В сущности, Джордж и тетя Милли были единственными людьми, на которых я мог всерьез рассчитывать как на возможных кредиторов. В свое время, когда Джордж уговаривал меня избрать профессию стряпчего, он сам вызывался стать моим «банкиром». Как он предполагал осуществить это свое намерение, мне не ясно; теперь я знал, что никакого капитала у него не было и что весь его доход составляло жалованье, не достигавшее и трехсот фунтов в год, причем часть этих денег он отсылал родителям. Тем не менее он обещал тогда одолжить мне сто фунтов и сейчас мучился угрызениями совести, видя, что должен взять свое обещание обратно. Он был не только великодушен, но и любил держать слово. Однако сейчас им владели гнев и огорчение. Он не желал больше принимать участие в устройстве моего будущего и умывал руки. Тем не менее он счел необходимым сказать:

— Мне очень жаль, если мое обещание помочь вам толкнуло вас на этот безумный поступок. Мне кажется, вы должны были понять, что я готов был помогать вам лишь постольку, поскольку вы придерживались благоразумных целей. Мне очень жаль, что так получилось.

И он опрометью выбежал из буфета. Я остался один — смущенный, встревоженный, виноватый. Мне захотелось излить кому-нибудь душу. Я вышел на Лондонскую дорогу и, от волнения едва различая лица прохожих, бессознательно, как лунатик, зашагал к дому Мэрион. Я иной раз делился с нею своими планами, и она журила меня за то, что я недостаточно откровенен. И вот я направился к ней.

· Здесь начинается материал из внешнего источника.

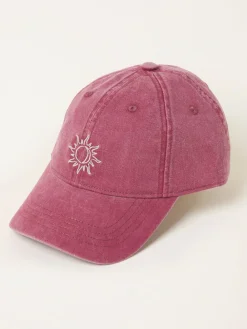 Fat Face FatFace Embroidered Sun Cap^Women Hats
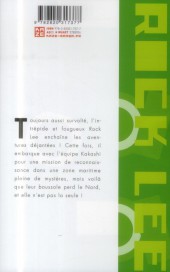 Verso de Rock Lee - Les péripéties d'un ninja en herbe -6- Tome 6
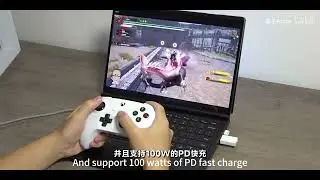 A dual-screen laptop with a Switch?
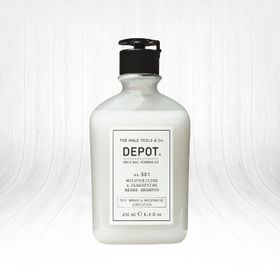 Depot Beard Shampoo Nemlendirici Ve Temizleyici Sakal Şampuanı 250Ml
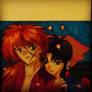 Kenshin and Kaoru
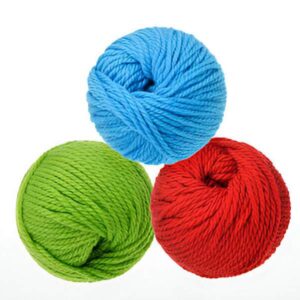 Balls of Yarn.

На душе у меня было тревожно, но к моей тревоге за будущее примешивалось (как бы это точнее выразить) чувство вины: я чувствовал себя виноватым в том, что причинил Джорджу огорчение, хотя, почему он огорчился, я не мог понять. Джордж был вправе упрекать меня: я таился от него, а это как-то не вяжется с дружбой. Но не могло же это так больно задеть его.

Он ощущал что-то гораздо более сильное, чем просто огорчение; это была как бы ярость отчаяния, поднимавшаяся из глубин души, куда мне было не под силу проникнуть. Я и до этой вспышки Джорджа знал, что редко кто способен давать, не требуя ничего взамен. Люди оказывают помощь только на своих условиях и обижаются, когда облагодетельствованный не соблюдает этих условий. Такова весьма неудовлетворительная схема, по которой испокон веков устанавливались отношения между тем, кто протягивает руку помощи, и тем, кто ее принимает. Однако ярость Джорджа объяснялась какими-то более таинственными причинами.